What happens on git pull

  • DataStar watches template folders, so changes from git pull take effect without restarting.
  • If a template is renamed or deleted, components it generated via a dynamic query disappear on next reload.
  • If a template is modified, subsequent extracts use the new version; existing generated components stay in place until re-extracted.

Patterns for larger teams

Shared templates in a monorepo

Several workspaces under one repo (for instance, one per service) can share a top-level templates/ folder.
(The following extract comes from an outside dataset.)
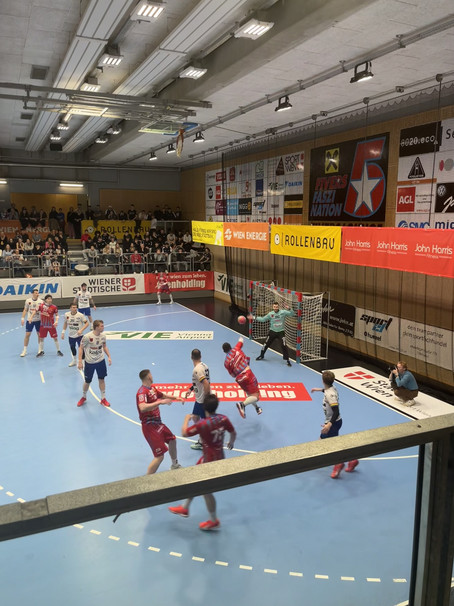 Buddies beim Handballmatch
Each workspace's workspace.json references the shared folder with a relative path:

{
"paths": {
"templates": [
"templates",
"../shared/templates"
]
}
}

Changes to the shared set affect every workspace on next reload.

Git submodule for cross-repo sharing

If your templates need to be shared across repositories, pull them in via a submodule:

git submodule add ../templates-repo.git templates

Lock the submodule to a specific ref so updates are intentional:

cd templates && git checkout v2.1.0 && cd ..
git add templates && git commit -m "Pin templates to v2.1.0"

Versioning a template set

For governed templates (think enterprise schema standards), tag releases:

git tag -a templates/v1.3.0 -m "Templates 1.3.0: adds DDL-trigger extraction"

Consumers update at their own pace by bumping the submodule ref or copying in a newer snapshot.

Conventions worth agreeing on

When more than one person writes templates, agree on:

  • Weights. A conventional scheme (tables 100, functions 200, views 300, triggers 400, data 500) keeps deployments ordered correctly.
  • Option defaults. Standardise Permissions, Indexes, and CreateOrAlter across templates so generated scripts look consistent.
  • Dynamic-query filters. If a query should exclude system objects, write the filter once, in a comment, as the canonical WHERE …, and reuse it.
  • Static-script naming. verb-object.sql (for example, disable-order-fk.sql, rebuild-indexes.sql) so a diff is readable without opening the file.

When a template breaks

If a teammate's git pull produces a broken workspace:

  1. Check the status bar for template-load errors; DataStar reports them individually.
  2. Open the XML file in an editor with XSD validation to catch malformed attributes.
  3. Revert the offending template with git log / git revert while the author investigates.

A broken template stops its own components from loading but doesn't affect the rest of the workspace.